Lewontin is ook auteur of co-auteur van ongeveer 300 papers en artikelen en 17 boeken, waarvan vele voor niet-wetenschappers. Een van de oprichters van Science for the People, Lewontin heeft het tot zijn missie gemaakt om populaire misvattingen over genetica te corrigeren. In de edities van 1982 en 1995 van zijn Human Diversity, bijvoorbeeld, hij betoogde dat genetische verschillen tussen rassen niet veel groter zijn dan die tussen willekeurig gekozen mensen binnen een bepaald ras. De eerste editie was voornamelijk gebaseerd op studies van eiwitpolymorfismen, of meerdere vormen van eiwitten, om pogingen te ontkrachten om alle dierlijk en menselijk gedrag te verklaren op basis van evolutionaire principes. De tweede editie bevatte ondersteuning voor zijn argument uit recente DNA-analyses.

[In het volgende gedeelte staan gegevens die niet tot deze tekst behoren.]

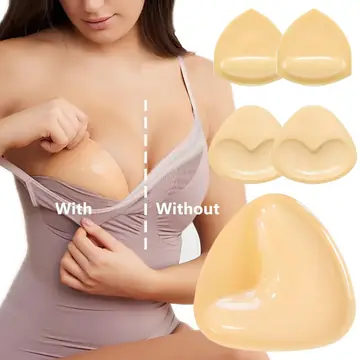Double Sided Adhesive Sticky Bra Inserts Push Up Thick Sponge Breast Lift Pads Women Swimsuit Bikini Cup Enhancer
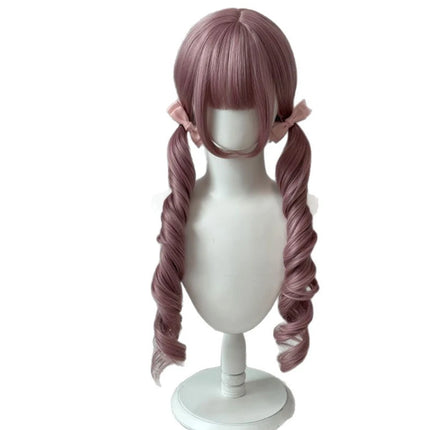 Black Wig with Pink Cosplay Wigs with Bangs  Lolita Long Curly Hair Wig Woman Party Cosplay Wig Natural Heat Resistant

Andere boeken van Lewontin zijn An Introduction to Genetic Analysis (2000) en The Triple Helix:Gene, Organisme, en Milieu (2000), wiens centrale stelling is dat genen, organismen, en omgeving moeten niet als afzonderlijke entiteiten worden beschouwd. Het is niet noodzakelijk zo, een verzameling van negen essays die eerder zijn gepubliceerd in The New York Review of Books, verscheen ook in 2000.
Hij werd in 1968 verkozen tot lid van de National Academy of Sciences, maar nam drie jaar later ontslag.